Histoire du stockage en cavité saline
L’exploitation des gisement salifères pour la production du sel a débuté depuis un millénaire alors que l’utilisation des cavités de dissolution dans le sel remonte seulement à cinq ou six décennies. Le stockage de produits liquides ou gazeux a commencé pendant la deuxième guerre mondiale au début des années 40 au Canada. Le stockage des hydrocarbures légers comme les GPL se développe rapidement dans les années 50 en Amérique du Nord et en Europe. L’élimination des déchets dans les cavités salines a été initialisé en coopération avec les industries qui utilisaient la saumure produite par la création des cavités comme matière première.

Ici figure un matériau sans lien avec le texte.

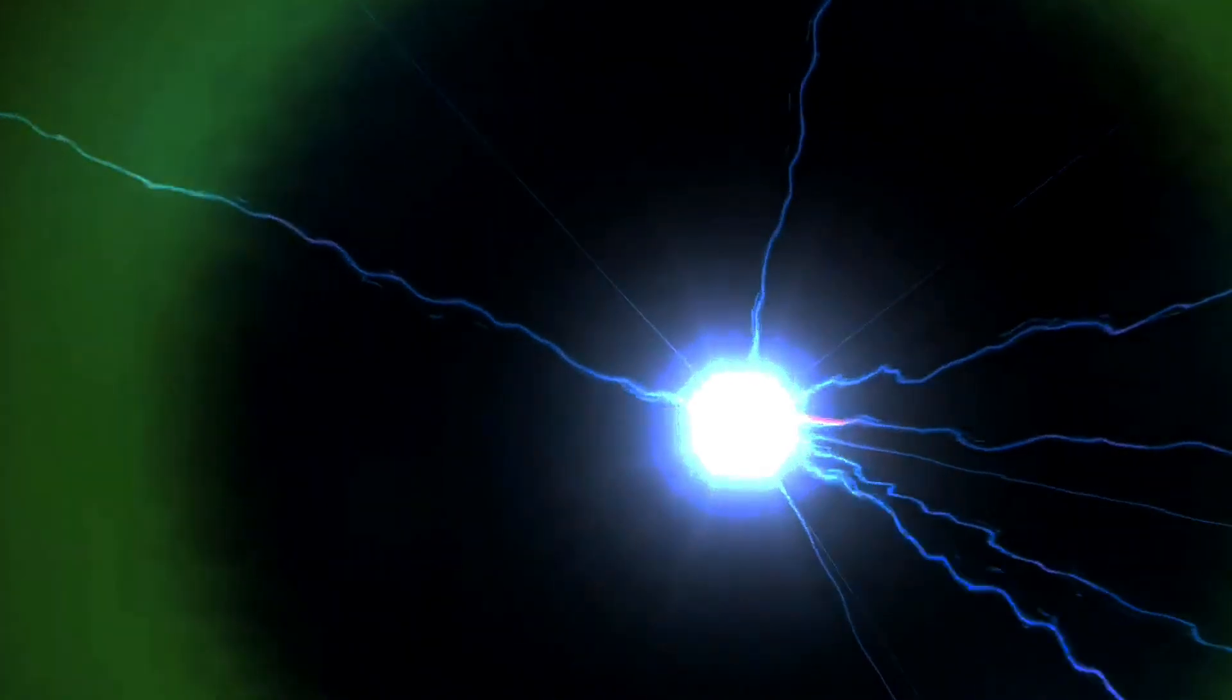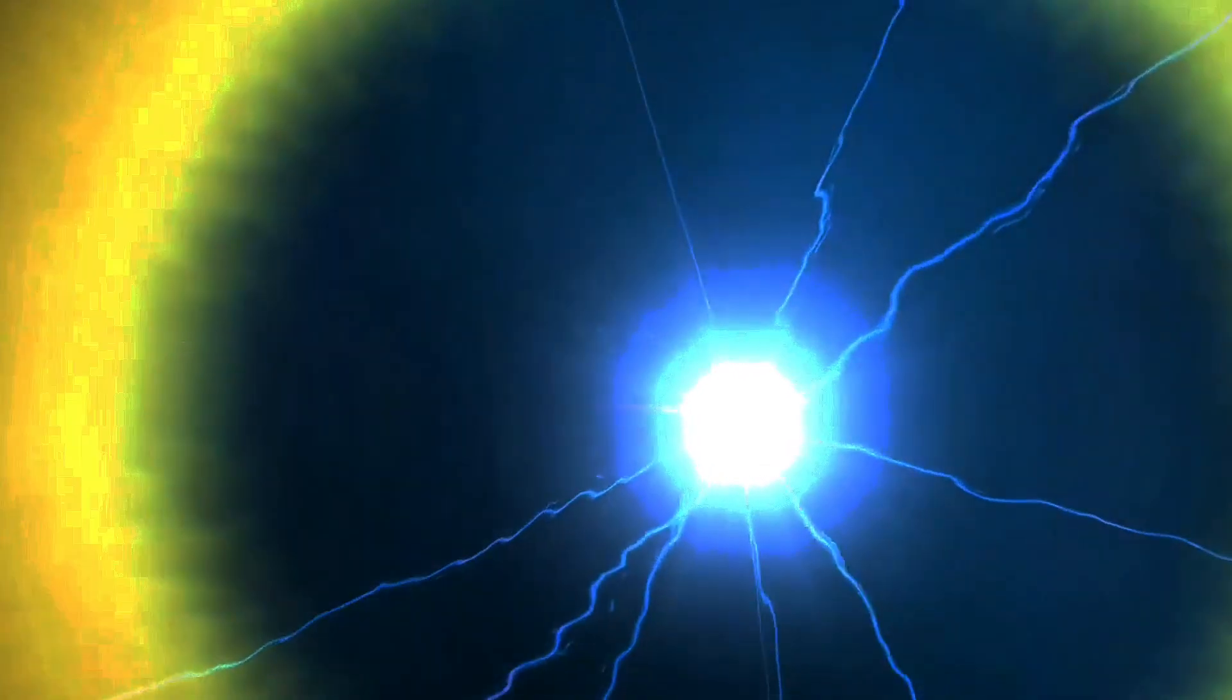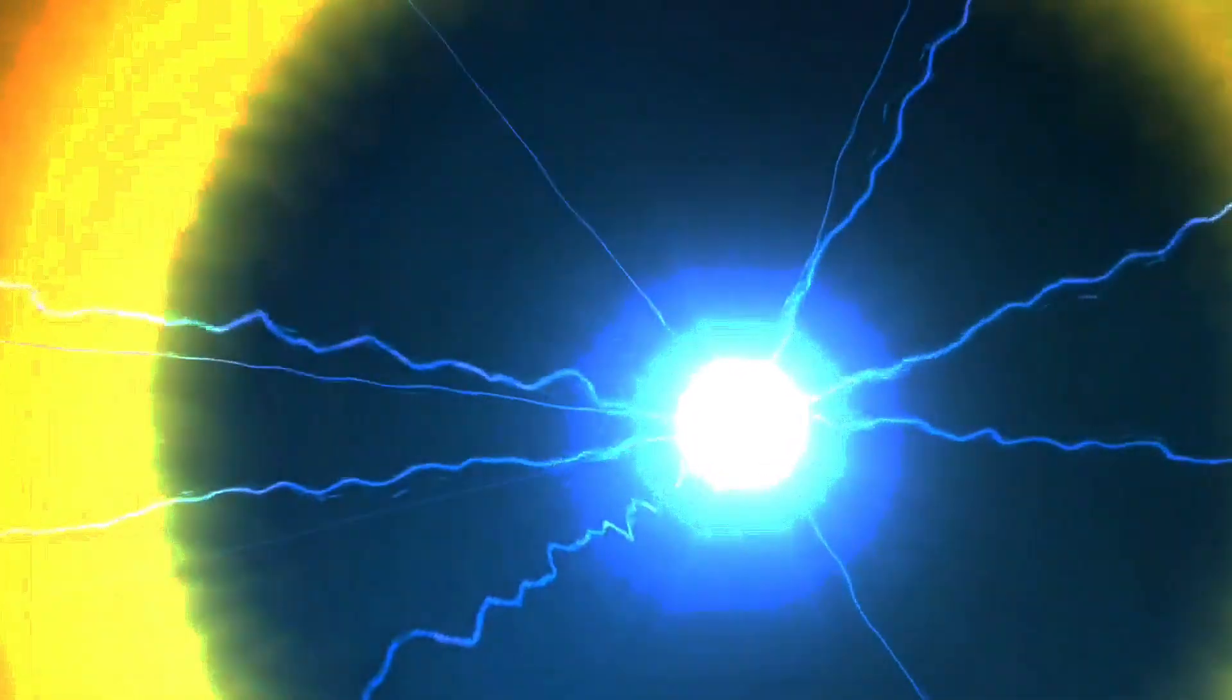Imagine a cosmic roller coaster where you ride through time and end up right back at the start. So what exactly are closed time-like curves?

Bien qu’aujourd’hui un grand nombre de déchets sont éliminés dans des cavités salines, le stockage des déchets de risque comme les déchets radioactifs provoque des oppositions locales.
Principe de création d’une cavité saline
Le principe de création d’une cavité saline est l’injection d’eau douce dans une couche de sel qui se dissout progressivement. Cette opération s’effectue dans un forage de type pétrolier par l’intermédiaire de deux tubes concentriques. Les formations salifères se présentent en couches plus ou moins épaisses, pouvant atteindre ou dépasser le millier de mètres, et en dômes d’extension verticale souvent très importante. Les cavités de stockage sont, en général, creusées dans le sel gemme en raison de :
– son abondance en épaisseur suffisante pour y creuser des cavités de grandes dimensions,
– sa bonne solubilité dans l’eau qui facilite le creusement des cavités par dissolution,nécessitant beaucoup moins de main d’oeuvre et d’équipement lourd par rapport aux techniques classiques de creusement minier,
– sa porosité très petite et sa perméabilité très faible qui garantissent l’étanchéité des cavités de stockage de fluides non mouillants tel que le gaz et les hydrocarbures,
– sa bonne tenue mécanique, résistance à la compression en particulier.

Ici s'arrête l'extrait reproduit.